Use Your Vision as a Filter
Perfectionists often believe that everything has to be done at the highest standard. But let’s be honest: In academic life there are many things where "done is good enough." I’ll even go a step further and suggest that the majority of perfectionist clients I work with are doing a whole bunch of work that doesn’t need to be done at all. The challenge is to develop a filter that can reliably and consistently help you to vary your standards in a conscious and intentional way by determining which activities need to be done at a high standard, which activities need to just get done, and which activities you can let go of entirely without any consequences.
When you’re clear about your vision, you can use it as a filter to vary your standards. This requires you to develop the mental habit of running your activities through your vision filter. For example, I get a huge number of requests to sit on dissertation committees, review journal submissions, and sit on various editorial and advisory boards.

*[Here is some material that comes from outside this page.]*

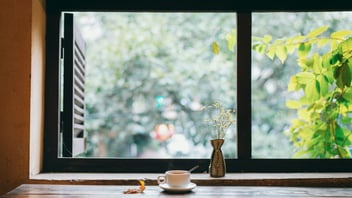 A fresh cup of coffee on a bright windowsill overlooking green leaves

I run each request through my filter and ask: Will this bring me closer to my vision? The vast majority of the time, the answer is a quick and easy "no" –- and that’s the beauty of a filter. It’s also the case that a vision filter is a great tool for shaping my daily activities. Some work (like writing and course development) bring me closer to my vision so I consciously choose to spend time on them. Other types of activities take me away from my vision (like bookkeeping) and while they are necessary for my organization to keep functioning, somebody else can do them so I delegate them to other people.
Use Your Vision as the Measuring Stick
We all know intellectually that comparing ourselves to others tends to produce negative feelings. For perfectionists this is especially the case because we often choose reference groups for comparison that aren’t appropriate and guarantee feelings of failure (the most successful person in your field, a peer who doesn’t have the childcare responsibilities you do, or someone at a different type of institution, which has significantly greater resources to support their work). No matter how dangerous we know comparison is, it’s very hard to avoid because we all want to locate ourselves on the continuum of progress and the easiest way to do so is to compare ourselves to others.

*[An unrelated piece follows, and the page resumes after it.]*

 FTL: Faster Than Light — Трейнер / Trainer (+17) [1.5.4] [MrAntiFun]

Having a clear vision enables you to stop comparing yourself to others to see if you measure up. Instead you use your vision as your measuring stick. That shifts the inner conversation from "how do I stack up next to _________ [fill in inappropriate comparison person]?" to "how far have I moved toward living my vision?" It's a seismic internal shift to move from a self-evaluation that is contingent upon comparing yourself to others, to an assessment of how close or far you are from the vision of your work that YOU desire.
Ultimately, overcoming perfectionism requires you to clarify your vision, use it as a filter for varying your standards, and shift your approach around self-worth from negative comparison to others to a personal assessment of your proximity to your vision. While incredibly difficult work, it’s the one thing that will move you from misery of perfectionism to a truly empowered stance in the academy.